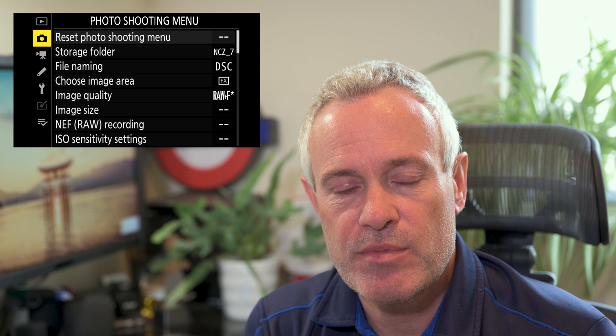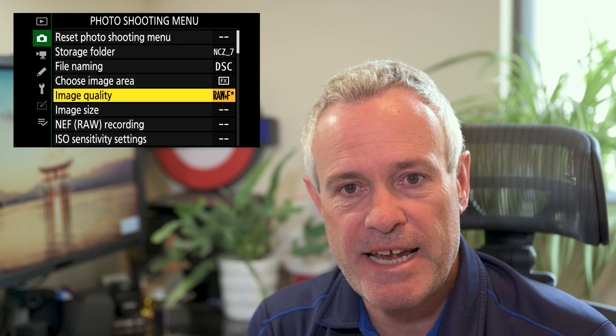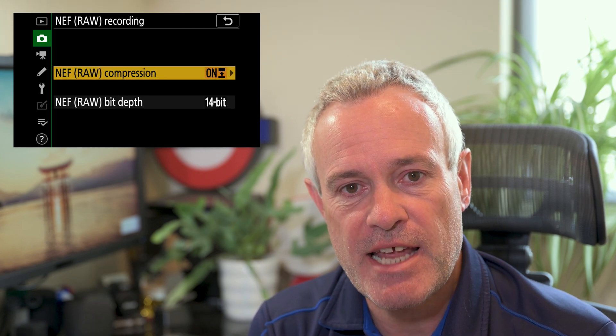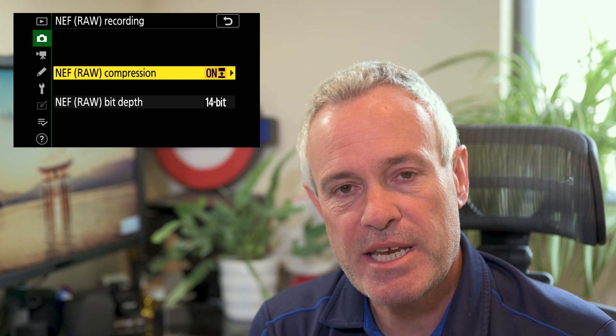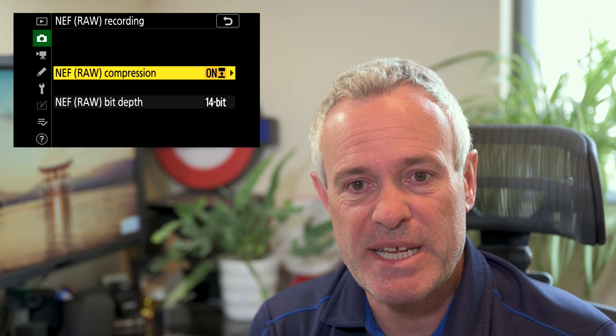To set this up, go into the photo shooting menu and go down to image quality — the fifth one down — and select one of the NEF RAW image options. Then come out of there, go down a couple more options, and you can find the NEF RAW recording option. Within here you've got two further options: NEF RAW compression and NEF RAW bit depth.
==
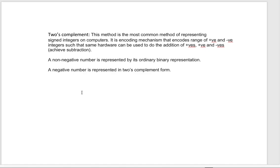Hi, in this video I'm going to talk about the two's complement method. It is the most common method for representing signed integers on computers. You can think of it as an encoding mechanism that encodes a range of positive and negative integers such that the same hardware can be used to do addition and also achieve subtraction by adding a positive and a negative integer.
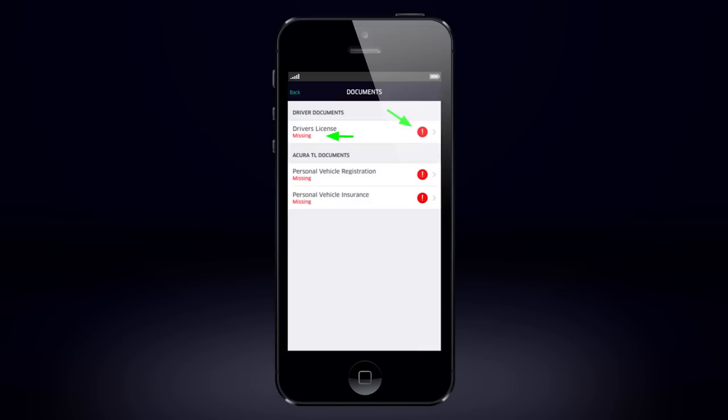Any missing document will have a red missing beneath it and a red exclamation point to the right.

INSTRUCTIONS TO FOLLOW. Write out the lines above from the one with "Hi, in this" through the one with "Any missing document", ends included, exactly; no picture goes in.

EXERCISE SOLUTION.
Hi, in this video I'm going to talk about the two's complement method. It is the most common method for representing signed integers on computers. You can think of it as an encoding mechanism that encodes a range of positive and negative integers such that the same hardware can be used to do addition and also achieve subtraction by adding a positive and a negative integer.
Any missing document will have a red missing beneath it and a red exclamation point to the right.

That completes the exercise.